If recent events have made one thing clear, it's that the major ratings agencies, for good or ill, enjoy an enormous influence on government policy. Case in point: After Standard & Poor's downgraded the U.S. credit rating Friday, a slew of lawmakers rushed to say that the move might lead the congressional "Super Committee," created as part of the debt ceiling deal, to recommend even more measures aimed at immediate deficit reduction than the $1.4 trillion in its mandate.
But the ratings agencies also exert sway on policy the old-fashioned way: by lobbying. S&P's parent company, McGraw-Hill, has spent over $11 million on lobbying in the past 15 years,the Washington Post reports. And it lobbies the government while continuing to rate its creditworthiness.
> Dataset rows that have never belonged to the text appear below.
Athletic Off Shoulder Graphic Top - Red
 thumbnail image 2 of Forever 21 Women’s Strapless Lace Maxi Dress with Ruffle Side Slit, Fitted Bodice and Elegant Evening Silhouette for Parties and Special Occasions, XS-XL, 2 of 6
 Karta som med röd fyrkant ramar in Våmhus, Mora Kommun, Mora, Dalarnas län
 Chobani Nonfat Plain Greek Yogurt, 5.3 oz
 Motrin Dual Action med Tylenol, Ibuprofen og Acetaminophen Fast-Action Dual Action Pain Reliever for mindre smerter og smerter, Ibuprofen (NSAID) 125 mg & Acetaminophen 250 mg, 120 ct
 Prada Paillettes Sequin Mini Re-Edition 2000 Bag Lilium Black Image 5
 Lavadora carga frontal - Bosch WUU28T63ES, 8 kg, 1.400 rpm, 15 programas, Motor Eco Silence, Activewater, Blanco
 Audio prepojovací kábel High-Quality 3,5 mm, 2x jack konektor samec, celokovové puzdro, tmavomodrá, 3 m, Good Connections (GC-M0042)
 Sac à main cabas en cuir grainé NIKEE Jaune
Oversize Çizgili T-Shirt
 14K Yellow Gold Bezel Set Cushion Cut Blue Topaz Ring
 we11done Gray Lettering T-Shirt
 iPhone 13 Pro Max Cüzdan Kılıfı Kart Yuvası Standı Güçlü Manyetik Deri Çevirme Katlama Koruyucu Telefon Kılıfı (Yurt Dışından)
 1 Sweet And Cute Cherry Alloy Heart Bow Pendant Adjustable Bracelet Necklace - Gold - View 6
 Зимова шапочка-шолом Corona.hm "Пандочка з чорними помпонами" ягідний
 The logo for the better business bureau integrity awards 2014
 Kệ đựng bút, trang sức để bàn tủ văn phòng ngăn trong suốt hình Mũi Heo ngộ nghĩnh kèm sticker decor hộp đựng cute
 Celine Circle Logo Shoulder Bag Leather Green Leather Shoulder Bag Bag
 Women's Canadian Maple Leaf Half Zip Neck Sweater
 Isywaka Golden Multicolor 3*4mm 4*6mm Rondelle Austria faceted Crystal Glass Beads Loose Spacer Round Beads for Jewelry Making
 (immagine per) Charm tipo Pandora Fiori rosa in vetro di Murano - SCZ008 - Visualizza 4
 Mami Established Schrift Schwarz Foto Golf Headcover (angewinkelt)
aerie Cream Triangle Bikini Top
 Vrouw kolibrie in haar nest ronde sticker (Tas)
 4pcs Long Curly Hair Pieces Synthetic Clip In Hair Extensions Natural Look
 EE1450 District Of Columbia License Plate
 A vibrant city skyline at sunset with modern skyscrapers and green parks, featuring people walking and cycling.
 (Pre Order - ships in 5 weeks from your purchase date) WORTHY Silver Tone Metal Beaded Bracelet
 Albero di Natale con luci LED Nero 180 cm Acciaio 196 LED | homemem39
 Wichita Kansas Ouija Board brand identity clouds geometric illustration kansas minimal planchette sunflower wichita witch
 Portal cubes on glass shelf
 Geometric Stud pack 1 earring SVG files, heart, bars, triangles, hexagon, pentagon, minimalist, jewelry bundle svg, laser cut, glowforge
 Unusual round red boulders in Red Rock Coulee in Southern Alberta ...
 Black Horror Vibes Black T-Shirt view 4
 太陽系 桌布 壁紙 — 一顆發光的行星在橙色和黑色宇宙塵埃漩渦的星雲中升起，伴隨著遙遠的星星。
S&P spent at least $1 million on legislation specifically related to its business. Recently, the firm and its fellow credit-rating agencies--Moody's and Fitch--have been fighting a provision in the 2010 Dodd-Frank financial reform law that makes it possible to sue ratings firms for negligence if they offer faulty ratings. The agencies want to go back to a world where investors who make decisions based on their ratings--like those AAA ratings they slapped on the non-prime mortgage securities that helped cause the financial crisis--are out of luck.
And these aren't just any lobbyists. S&P's stable of high-powered advocates includes Tony Podesta, a prominent Washington mover and shaker whose brother John ran the transition team for the Obama administration, and Douglas Nappi, who has worked for the Senate Banking Committee and the Securities and Exchange Commission.
All three agencies say their ratings and lobbying operations are kept separate from each other.